## What to work on
Every entry must be echoed exactly.

Stored records

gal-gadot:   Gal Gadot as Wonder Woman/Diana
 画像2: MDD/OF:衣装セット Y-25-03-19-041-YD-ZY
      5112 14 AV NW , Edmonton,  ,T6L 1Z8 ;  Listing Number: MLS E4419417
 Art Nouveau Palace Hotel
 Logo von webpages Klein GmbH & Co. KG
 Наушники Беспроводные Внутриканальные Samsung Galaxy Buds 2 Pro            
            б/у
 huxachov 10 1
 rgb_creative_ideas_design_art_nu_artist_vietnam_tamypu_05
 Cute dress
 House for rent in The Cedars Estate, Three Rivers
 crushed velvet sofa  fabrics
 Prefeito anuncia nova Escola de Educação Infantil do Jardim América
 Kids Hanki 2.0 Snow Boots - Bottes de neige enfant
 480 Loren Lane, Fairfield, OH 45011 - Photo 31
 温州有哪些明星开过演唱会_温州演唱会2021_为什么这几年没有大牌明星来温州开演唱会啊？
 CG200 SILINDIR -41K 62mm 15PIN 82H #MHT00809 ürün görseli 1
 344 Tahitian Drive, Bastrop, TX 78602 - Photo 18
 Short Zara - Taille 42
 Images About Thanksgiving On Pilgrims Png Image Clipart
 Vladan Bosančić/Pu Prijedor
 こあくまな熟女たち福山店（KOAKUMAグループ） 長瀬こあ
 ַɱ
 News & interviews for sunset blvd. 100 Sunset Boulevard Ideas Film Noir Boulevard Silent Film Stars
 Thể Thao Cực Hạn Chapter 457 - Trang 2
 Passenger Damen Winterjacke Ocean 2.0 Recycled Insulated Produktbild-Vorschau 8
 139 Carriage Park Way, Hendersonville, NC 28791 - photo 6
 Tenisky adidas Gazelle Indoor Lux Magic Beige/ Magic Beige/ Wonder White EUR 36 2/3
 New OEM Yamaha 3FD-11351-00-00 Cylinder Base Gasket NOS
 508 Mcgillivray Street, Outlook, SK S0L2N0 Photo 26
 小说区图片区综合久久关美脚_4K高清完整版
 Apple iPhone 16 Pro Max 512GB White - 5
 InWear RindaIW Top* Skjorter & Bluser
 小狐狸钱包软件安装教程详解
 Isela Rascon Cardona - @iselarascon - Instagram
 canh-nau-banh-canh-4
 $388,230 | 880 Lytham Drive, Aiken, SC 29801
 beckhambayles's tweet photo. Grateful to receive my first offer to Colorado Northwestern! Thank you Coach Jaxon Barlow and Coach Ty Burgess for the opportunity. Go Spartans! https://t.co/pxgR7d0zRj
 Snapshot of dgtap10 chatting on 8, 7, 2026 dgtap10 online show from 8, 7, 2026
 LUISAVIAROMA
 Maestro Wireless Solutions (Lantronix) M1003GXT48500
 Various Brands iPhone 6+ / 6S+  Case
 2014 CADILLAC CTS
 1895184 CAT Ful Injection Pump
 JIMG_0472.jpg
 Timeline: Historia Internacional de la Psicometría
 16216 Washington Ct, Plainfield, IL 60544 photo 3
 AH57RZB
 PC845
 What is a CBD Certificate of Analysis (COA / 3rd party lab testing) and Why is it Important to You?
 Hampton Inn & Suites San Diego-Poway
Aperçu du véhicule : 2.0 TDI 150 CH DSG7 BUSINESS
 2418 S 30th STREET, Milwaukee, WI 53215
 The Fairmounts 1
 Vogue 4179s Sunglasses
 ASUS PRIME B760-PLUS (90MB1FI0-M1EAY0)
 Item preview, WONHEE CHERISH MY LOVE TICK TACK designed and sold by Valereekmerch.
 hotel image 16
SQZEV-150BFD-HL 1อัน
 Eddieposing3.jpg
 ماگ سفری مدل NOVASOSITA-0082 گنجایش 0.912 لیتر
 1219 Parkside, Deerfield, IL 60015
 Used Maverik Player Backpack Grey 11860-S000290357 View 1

## Answer
gal-gadot:   Gal Gadot as Wonder Woman/Diana
 画像2: MDD/OF:衣装セット Y-25-03-19-041-YD-ZY
      5112 14 AV NW , Edmonton,  ,T6L 1Z8 ;  Listing Number: MLS E4419417
 Art Nouveau Palace Hotel
 Logo von webpages Klein GmbH & Co. KG
 Наушники Беспроводные Внутриканальные Samsung Galaxy Buds 2 Pro            
            б/у
 huxachov 10 1
 rgb_creative_ideas_design_art_nu_artist_vietnam_tamypu_05
 Cute dress
 House for rent in The Cedars Estate, Three Rivers
 crushed velvet sofa  fabrics
 Prefeito anuncia nova Escola de Educação Infantil do Jardim América
 Kids Hanki 2.0 Snow Boots - Bottes de neige enfant
 480 Loren Lane, Fairfield, OH 45011 - Photo 31
 温州有哪些明星开过演唱会_温州演唱会2021_为什么这几年没有大牌明星来温州开演唱会啊？
 CG200 SILINDIR -41K 62mm 15PIN 82H #MHT00809 ürün görseli 1
 344 Tahitian Drive, Bastrop, TX 78602 - Photo 18
 Short Zara - Taille 42
 Images About Thanksgiving On Pilgrims Png Image Clipart
 Vladan Bosančić/Pu Prijedor
 こあくまな熟女たち福山店（KOAKUMAグループ） 長瀬こあ
 ַɱ
 News & interviews for sunset blvd. 100 Sunset Boulevard Ideas Film Noir Boulevard Silent Film Stars
 Thể Thao Cực Hạn Chapter 457 - Trang 2
 Passenger Damen Winterjacke Ocean 2.0 Recycled Insulated Produktbild-Vorschau 8
 139 Carriage Park Way, Hendersonville, NC 28791 - photo 6
 Tenisky adidas Gazelle Indoor Lux Magic Beige/ Magic Beige/ Wonder White EUR 36 2/3
 New OEM Yamaha 3FD-11351-00-00 Cylinder Base Gasket NOS
 508 Mcgillivray Street, Outlook, SK S0L2N0 Photo 26
 小说区图片区综合久久关美脚_4K高清完整版
 Apple iPhone 16 Pro Max 512GB White - 5
 InWear RindaIW Top* Skjorter & Bluser
 小狐狸钱包软件安装教程详解
 Isela Rascon Cardona - @iselarascon - Instagram
 canh-nau-banh-canh-4
 $388,230 | 880 Lytham Drive, Aiken, SC 29801
 beckhambayles's tweet photo. Grateful to receive my first offer to Colorado Northwestern! Thank you Coach Jaxon Barlow and Coach Ty Burgess for the opportunity. Go Spartans! https://t.co/pxgR7d0zRj
 Snapshot of dgtap10 chatting on 8, 7, 2026 dgtap10 online show from 8, 7, 2026
 LUISAVIAROMA
 Maestro Wireless Solutions (Lantronix) M1003GXT48500
 Various Brands iPhone 6+ / 6S+  Case
 2014 CADILLAC CTS
 1895184 CAT Ful Injection Pump
 JIMG_0472.jpg
 Timeline: Historia Internacional de la Psicometría
 16216 Washington Ct, Plainfield, IL 60544 photo 3
 AH57RZB
 PC845
 What is a CBD Certificate of Analysis (COA / 3rd party lab testing) and Why is it Important to You?
 Hampton Inn & Suites San Diego-Poway
Aperçu du véhicule : 2.0 TDI 150 CH DSG7 BUSINESS
 2418 S 30th STREET, Milwaukee, WI 53215
 The Fairmounts 1
 Vogue 4179s Sunglasses
 ASUS PRIME B760-PLUS (90MB1FI0-M1EAY0)
 Item preview, WONHEE CHERISH MY LOVE TICK TACK designed and sold by Valereekmerch.
 hotel image 16
SQZEV-150BFD-HL 1อัน
 Eddieposing3.jpg
 ماگ سفری مدل NOVASOSITA-0082 گنجایش 0.912 لیتر
 1219 Parkside, Deerfield, IL 60015
 Used Maverik Player Backpack Grey 11860-S000290357 View 1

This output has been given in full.